On this spring day, she has convened a national gathering of American Atheists Inc. O'Hair was an unkempt bullhorn of a woman who reveled in her role as the most hated woman in America, an epithet she earned after winning the 1963 Supreme Court case that banned prayer in public schools and made her a celebrity.

From then until the day she vanished four years ago, O'Hair was atheism in America--and her creation, American Atheists, was a major force in keeping religion out of public life and tweaking America's delicate religious sensibilities. For decades, O'Hair was a favorite of the TV talk-show circuit who could curse like a sailor and counted pornographer Larry Flynt among her allies. Then, in 1995, she disappeared from her Texas home, along with her son Jon Garth Murray, 42; her granddaughter Robin Murray-O'Hair, 32; and $629,500 in American Atheists' funds.

Ellen Johnson, a longtime member of American Atheists' executive board and a personal friend of O'Hair's, was drafted to lead the movement out of the wilderness where O'Hair had dumped it and make it newly palatable to the mainstream.

"We're civil rights workers is what we are, working for a cause that's very important," Johnson says. Her cause is the defense of a besieged minority in a religion-made world. "It's not something I want to do for the rest of my life, but I will if I have to."

But the question is whether anyone, even this Martha Stewart of atheism, can save what used to be the most venerable, visible manifestation of unbelief in the nation's history.

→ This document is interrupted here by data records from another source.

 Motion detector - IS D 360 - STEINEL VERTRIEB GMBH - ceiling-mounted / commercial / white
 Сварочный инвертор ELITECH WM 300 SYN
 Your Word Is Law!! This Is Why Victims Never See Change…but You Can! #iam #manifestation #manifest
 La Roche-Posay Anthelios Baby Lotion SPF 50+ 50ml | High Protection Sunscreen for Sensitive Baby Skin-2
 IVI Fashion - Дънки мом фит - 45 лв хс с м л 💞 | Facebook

Johnson has made a promising start, bringing the organization's shaky finances under control, stanching the hemorrhaging membership, and reorganizing some of the state directors whom O'Hair had swept aside in her mania for control. And in the most public sign that life for American Atheists will go on after Madalyn, Johnson moved the group's headquarters from Austin, Texas, to Cranford, N.J.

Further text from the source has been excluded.